Abstract 19319: Contact-Force Versus Non-Contact Force Sensing Catheter Complications

    loading  Checking for direct PDF access through Ovid

Abstract

Introduction: Contact-force sensing (CF) radiofrequency (RF) ablation catheters allow direct real-time assessment of contact force between catheter tip and cardiac tissue. This technology has the potential to improve both efficacy and safety of RF ablation. Recently published analysis of the Manufacturer and User Facility Device Experience (MAUDE) database, however, showed that 5.4% (65 of 1202) of all adverse event reports for CF sensing catheters used in atrial fibrillation (AF) ablation involved atrio-esophageal fistulas (AEF), versus only 0.9% (13 of 1487) of all adverse event reports for non-CF sensing (NCF) catheters. To further characterize this phenomenon, we performed a systematic meta-analysis of complications reported between CF and NCF catheters used in AF ablation and compared this data to the MAUDE database.
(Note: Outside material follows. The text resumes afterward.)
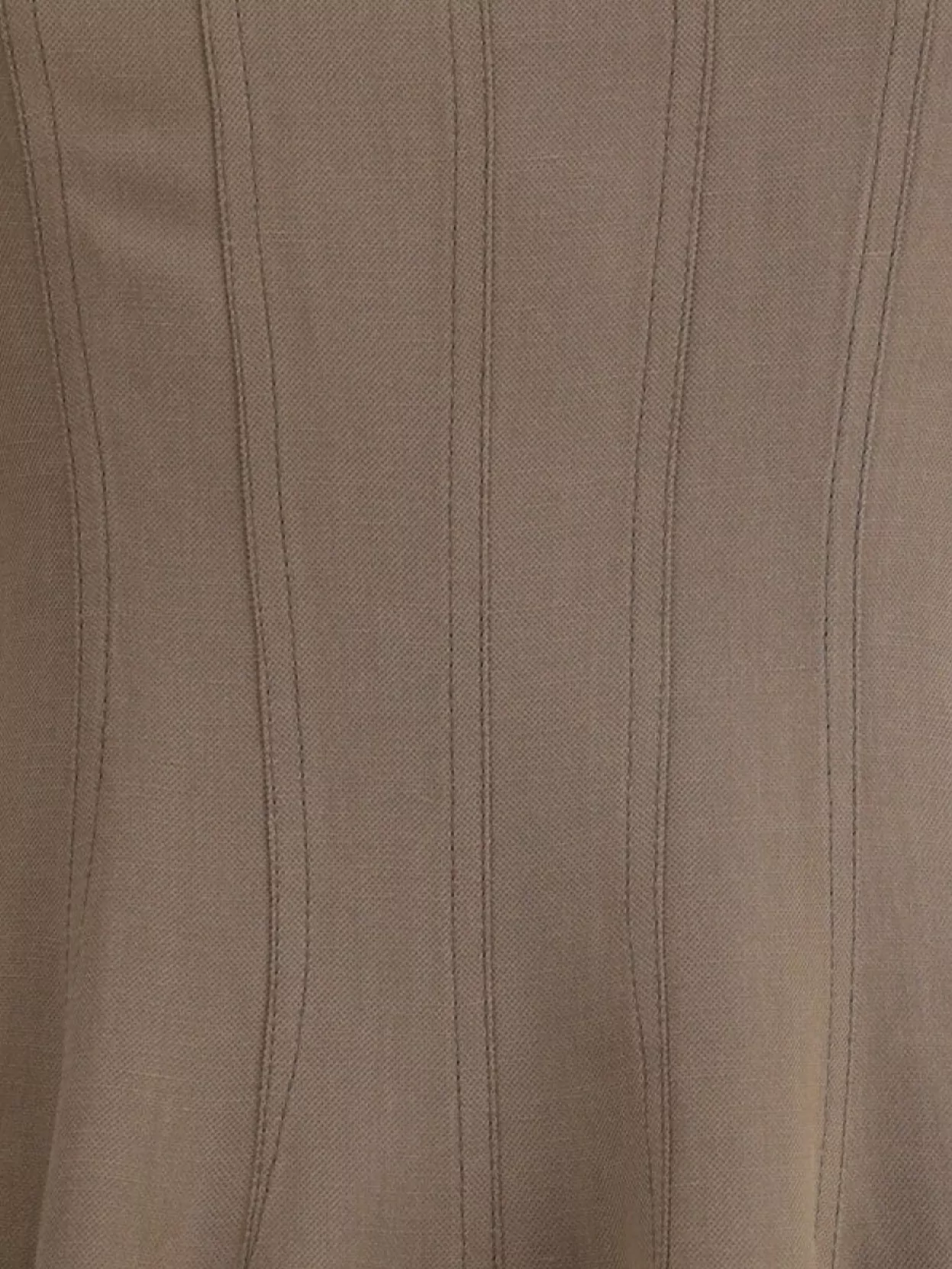 Brunello Cucinelli A-line Dress Dresses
Methods: Twenty-two published studies comparing the rates of complications between CF and NCF catheters during AF ablation were included in this systematic meta-analysis. Randomized and non-randomized observational studies comparing ablation of AF with CF and NCF catheters were identified using the Cochrane Library, EMBASE, and PubMed. This data was compared with the MAUDE database.
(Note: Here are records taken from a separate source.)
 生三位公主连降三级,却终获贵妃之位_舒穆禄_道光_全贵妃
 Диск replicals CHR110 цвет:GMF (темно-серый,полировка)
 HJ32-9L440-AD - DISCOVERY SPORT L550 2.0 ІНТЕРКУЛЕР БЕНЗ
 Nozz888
Results: A total of 22 studies were identified (n=4,122). There were 138 complications, 53 (3.15%) in the CF arm and 85 (3.49%) in the NCF arm. There were no significant differences in the rates of pericardial effusion (OR 0.78, 95% 0.36-1.72), pericarditis (2.07 [0.39-10.98]), cardiac tamponade (0.92 [0.44-1.93]), groin-related complications (0.99 [0.54-1.83]), phrenic nerve palsy (0.62 [0.10, 3.82]) or AEF (0.66 [0.03-16.38]). One AEF event was reported and occurred in the NCF sensing arm.

Conclusions: We found no statistically significant difference in complications between CF and NCF catheters used in AF ablation. Amongst published clinical trials, there were no AEF complications reported using CF catheters. However, AEF accounted for 5.4% of all adverse event reports associated with CF catheters in the MAUDE database. This discordance suggests a disparity between published and actual complication rates of CF catheters. Our study highlights the need for creation of a national registry to assess device-specific AF ablation complications.